JavaScript Precision Loss Causes and Solutions

Causes of floating point precision loss

Since the bottom layer of the computer is implemented in binary, some numbers cannot be displayed in full. Just like some irrational numbers cannot be fully displayed, such as pi 3.1415926..., 0.3333... etc. JavaScript follows the IEEE754 specification and uses double precision storage (double precision), occupying 64 bits.

1 bit is used to represent the sign bit, 11 bits are used to represent the exponent, and 52 bits are used to represent the mantissa.

Because at the lowest level of the computer, numerical operations and operations are implemented in binary, so the computer has no way to accurately represent floating-point numbers, but can only use binary approximate equal to represent the fractional part of floating-point numbers.

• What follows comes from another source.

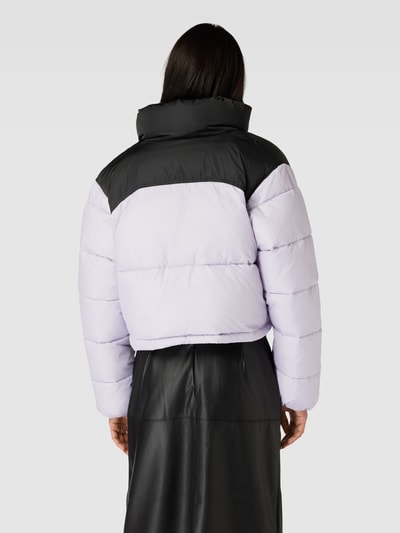 Calvin Klein Jeans Cropped Steppjacke mit Label-Detail Lavender 5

Some typical scenarios where numerical precision is lost

//addition
0.1 + 0.2 = 0.30000000000000004
0.7 + 0.1 = 0.7999999999999999

//subtract
1.5 - 1.2 = 0.30000000000000004
0.3 - 0.2 = 0.09999999999999998

//multiplication
1.1 * 100 = 110.00000000000001
0.8 * 3 = 2.4000000000000004

//division
0.3 / 0.1 = 2.9999999999999996
0.69 / 10 = 0.06899999999999999

solution

Third Party Libraries:

Decimal.js
bignumber.js
big.js

Handwritten code:

//addition

 function plus(num1, num2) {
    let r1, r2, m;
    try {
        r1 = num1.toString().split(".")[1].length
    } catch (e) {
        r1 = 0
    }
    try {
        r2 = num2.toString().split(".")[1].length
    } catch (e) {
        r2 = 0
    }
    m = Math.pow(10, Math.max(r1, r2))
    return (num1 * m + num2 * m) / m
}

//subtract

 function subtract(num1, num2) {
    let r1, r2, m, n;
    try {
        r1 = num1.toString().split(".")[1].length
    } catch (e) {
        r1 = 0
    }
    try {
        r2 = num2.toString().split(".")[1].length
    } catch (e) {
        r2 = 0
    }
    m = Math.pow(10, Math.max(r1, r2));
    n = (r1 >= r2) ? r1 : r2;
    return ((num1 * m - num2 * m) / m).toFixed(n);
}

//multiplication

 function multiply(num1, num2) {
    let m = 0,
        s1 = num1.toString(),
        s2 = num2.toString();
    try {
        m += s1.split(".")[1].length
    } catch (e) {}
    try {
        m += s2.split(".")[1].length
    } catch (e) {}
    return Number(s1.replace(".", "")) * Number(s2.replace(".", "")) / Math.pow(10, m)
 }

//division

 function divide(num1, num2) {
    let t1 = 0,
        t2 = 0,
        r1, r2;
    try {
        t1 = num1.toString().split(".")[1].length
    } catch (e) {}
    try {
        t2 = num2.toString().split(".")[1].length
    } catch (e) {}
    with(Math) {
        r1 = Number(num1.toString().replace(".", ""))
        r2 = Number(num2.toString().replace(".", ""))
        return multiply((r1 / r2), pow(10, t2 - t1));// multiply乘法配合一起使用
    }
}

After reading N articles about precision loss, this article was written with reference to many other bloggers' articles.